FOR nearly a decade, Dr Tess Lawrie, MBBCh, DFSRH, PhD, has run the Evidence-Based Medicine Consultancy, an independent company concerned with rigorous medical research in healthcare.
She produces reports that can be found in the Cochrane Library, a respected organisation providing unbiased scientific paper analyses.
Dr Lawrie is a frequent member of technical teams developing international guidelines in the healthcare sector, and her peer-reviewed publications have received more than 3,000 citations. In short, Dr Lawrie should not be ignored.

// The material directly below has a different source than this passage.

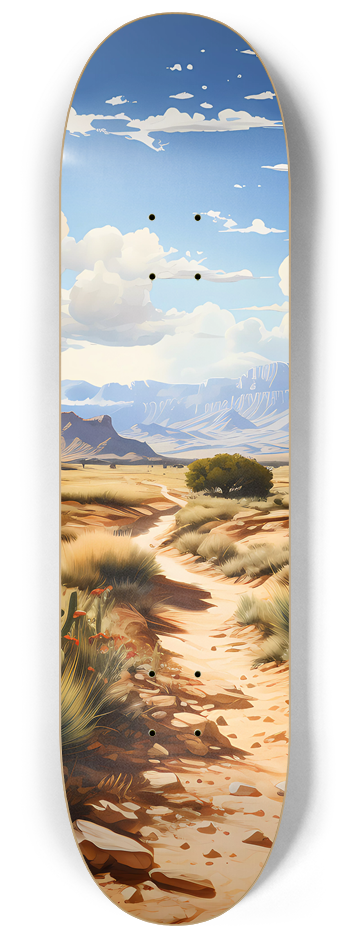 3 Deck Series - Southwestern #2 8-1/4 Skateboard Deck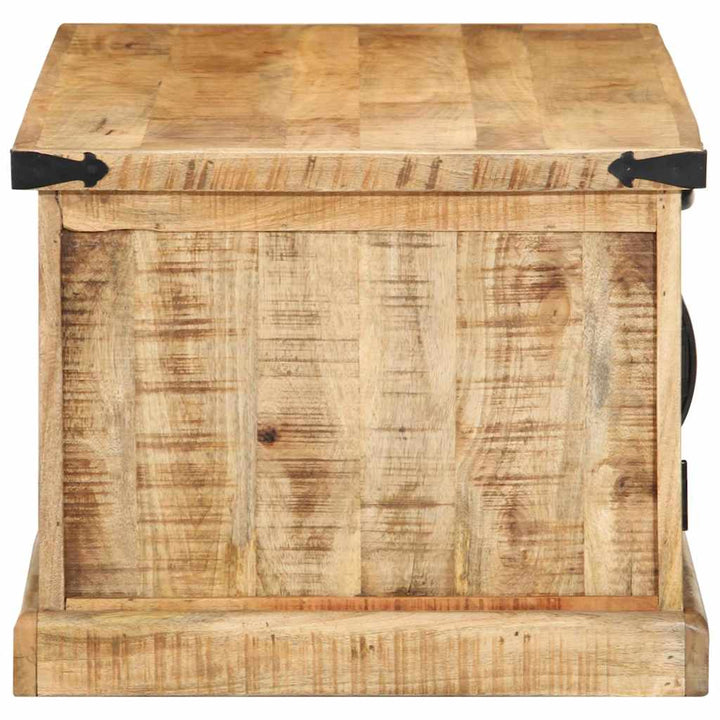 Sofabord med skuffe Brun 90 x 50 x 40 cm Massivt mangotræ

Unless of course you are the Medicines and Healthcare products Regulatory Agency, the deaf-eared UK body regulating the novel, experimental, and under-tested Covid-19 mRNA and traditional vaccines.
With vaccine-associated deaths passing 1,600 in Britain, the MHRA should suspend the vaccination programme, like it did after 47 deaths caused by the Pandemrix swine flu jab.
However, it has no intention of doing so and continues to insist that the vaccine is ‘safe and effective and the best protection against Covid-19’.
Dr Lawrie sent Dr June Raine, the MHRA’s chief executive, a 39-page, fully-referenced paper criticising the agency’s complicated Yellow Card Scheme, a government system designed to collate information about adverse events caused by new drugs, as ‘not fit for purpose.’
She reminded Dr Raine, and copied in 15 of her colleagues, that they had a duty to ‘take any necessary action to minimise risk to individuals, after weighing risks against expected benefits.’ She pointed out that because of omissions in their data collecting, such as age and gender, and the timeframe of reaction post vaccination, the Yellow Card Scheme is non-transparent.
She said: ‘These omissions mean that basic conclusions about safety cannot be drawn. Consequently, the public and trial participants are not fully informed of the potential risks of taking a Covid-19 vaccine and are unable to give fully informed consent.’
Dr Lawrie concluded that the voluntary reporting system needed a complete overhaul, saying the Vaccine Adverse Event Reporting System (VAERS) in the US was doing a much better job giving citizens and healthcare professionals detailed information.
From VAERS’ database, she was able to conclude that more than 90 per cent of deaths occurred afterfirst vaccination and there was a clear link between vaccination and death, something MHRA members frequently say they cannot prove and insist is more than likely ‘coincidental’.
Speaking of VAERS, Dr Lawrie said: ‘From that system it is apparent that sporadic event reporting is high in number, as in the UK, and that there is a tight temporal relationship between Covid-19 vaccination and deaths: 15 per cent of deaths occurring within 24 hours, 22 per cent within 48 hours and in 37 per cent of deaths, the patient became unwell within 48 hours of Covid-19 vaccination with an event that led to their death.
‘The deaths analysed followed an almost equal number of Pfizer and Moderna Covid-19 vaccinations, and 91 per cent of deaths occurred after administration of the first Covid-19 vaccine.’
With the AstraZeneca #clotshot, which has not been approved for use in the US, double the number of people are impacted compared with Pfizer.
Dr Lawrie said that, as well as vaccine-induced immune thrombotic thrombocytopaenia (VITT), the European Medicines Agency has identified Guillain-BarreƬ Syndrome as a potential risk from the AstraZeneca vaccine.